## What needs to be done
From the listing below, reproduce word for word the part that opens with the line containing "ジンエアー 13:25発 成田15:25着" and closes with the line containing "Buxton Road, Whaley"; reproduce nothing else.

## Given data
+++

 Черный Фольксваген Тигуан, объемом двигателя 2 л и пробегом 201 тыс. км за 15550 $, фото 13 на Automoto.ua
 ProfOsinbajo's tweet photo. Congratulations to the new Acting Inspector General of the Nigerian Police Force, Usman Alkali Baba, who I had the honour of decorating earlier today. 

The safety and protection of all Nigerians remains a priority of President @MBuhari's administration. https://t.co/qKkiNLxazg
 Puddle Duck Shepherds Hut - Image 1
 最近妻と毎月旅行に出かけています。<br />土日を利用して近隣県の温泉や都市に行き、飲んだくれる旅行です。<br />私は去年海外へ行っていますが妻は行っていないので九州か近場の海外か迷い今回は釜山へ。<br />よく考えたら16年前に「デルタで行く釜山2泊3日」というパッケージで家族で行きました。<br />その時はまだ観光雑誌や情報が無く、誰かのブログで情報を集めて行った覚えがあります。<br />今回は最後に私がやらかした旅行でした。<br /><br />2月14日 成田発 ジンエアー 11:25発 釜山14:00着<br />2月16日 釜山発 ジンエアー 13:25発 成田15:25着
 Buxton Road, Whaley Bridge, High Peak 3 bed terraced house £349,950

+++

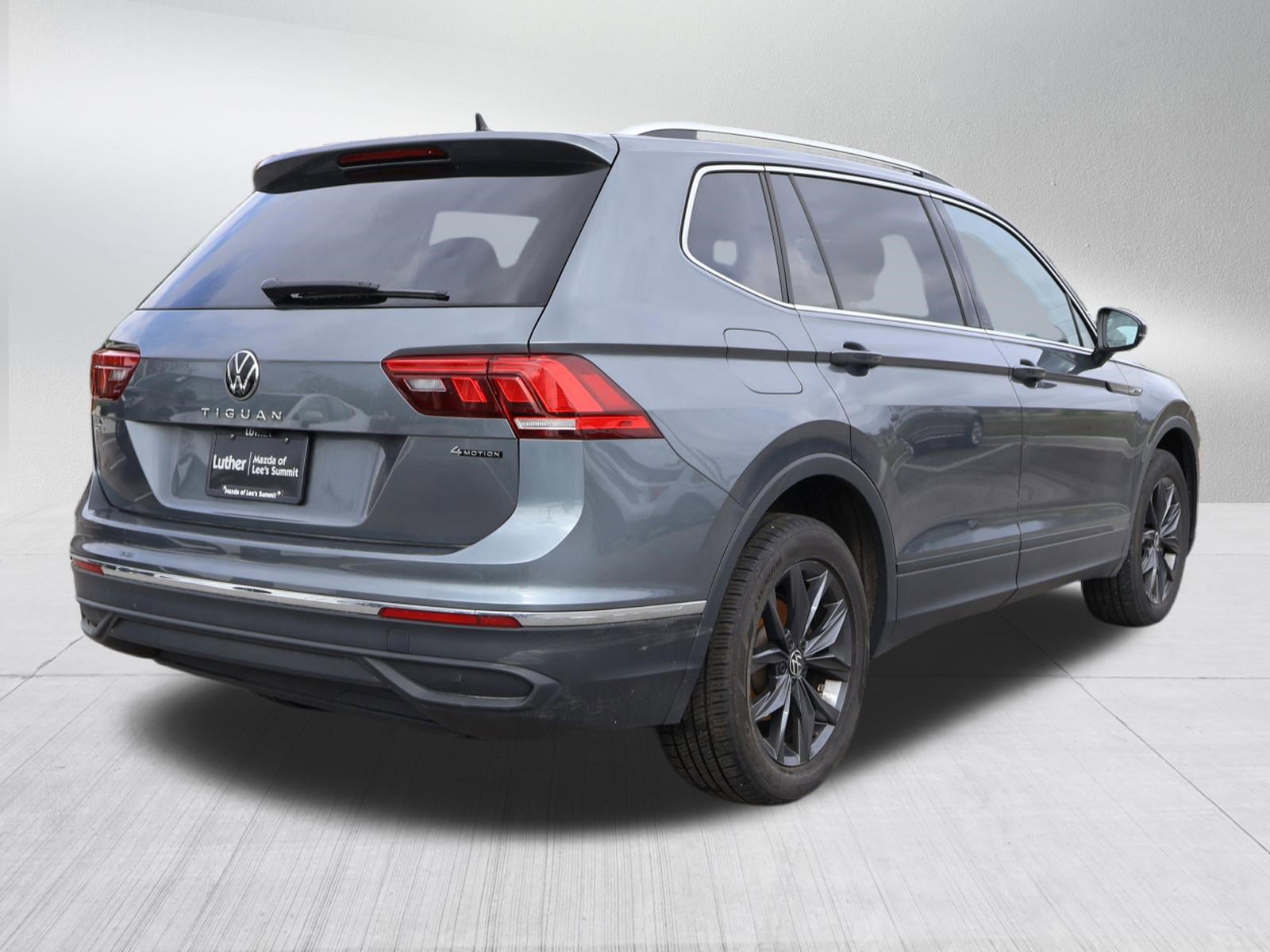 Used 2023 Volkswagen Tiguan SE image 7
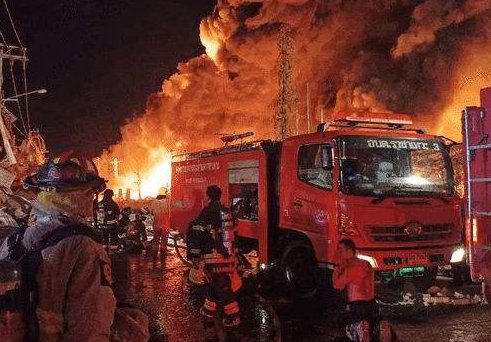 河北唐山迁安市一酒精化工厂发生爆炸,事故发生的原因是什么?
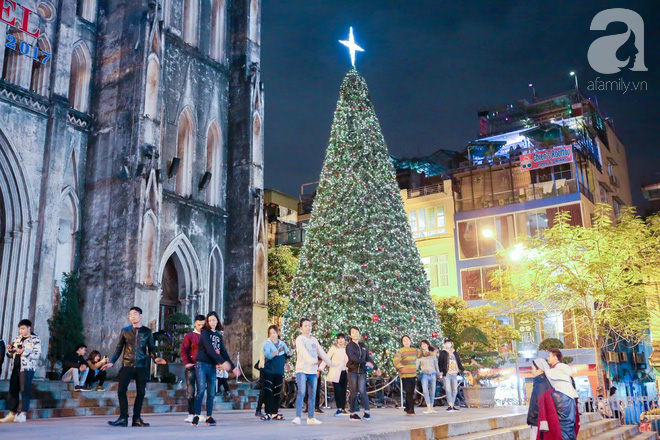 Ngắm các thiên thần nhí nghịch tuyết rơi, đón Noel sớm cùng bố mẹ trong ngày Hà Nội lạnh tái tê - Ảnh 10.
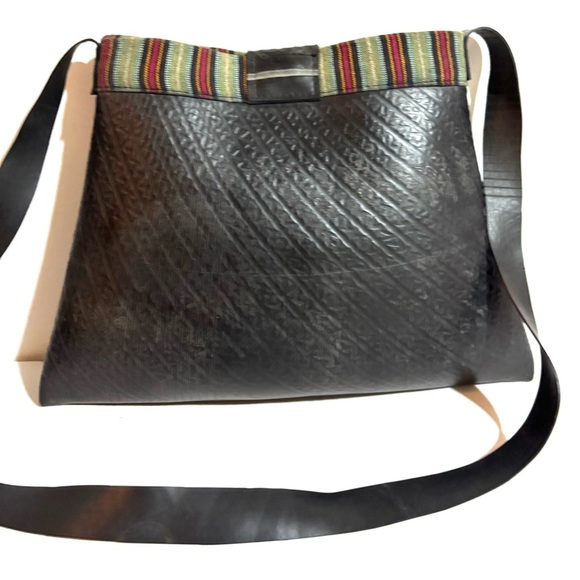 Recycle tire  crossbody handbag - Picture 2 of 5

+++

## Answer to the exercise
 最近妻と毎月旅行に出かけています。<br />土日を利用して近隣県の温泉や都市に行き、飲んだくれる旅行です。<br />私は去年海外へ行っていますが妻は行っていないので九州か近場の海外か迷い今回は釜山へ。<br />よく考えたら16年前に「デルタで行く釜山2泊3日」というパッケージで家族で行きました。<br />その時はまだ観光雑誌や情報が無く、誰かのブログで情報を集めて行った覚えがあります。<br />今回は最後に私がやらかした旅行でした。<br /><br />2月14日 成田発 ジンエアー 11:25発 釜山14:00着<br />2月16日 釜山発 ジンエアー 13:25発 成田15:25着
 Buxton Road, Whaley Bridge, High Peak 3 bed terraced house £349,950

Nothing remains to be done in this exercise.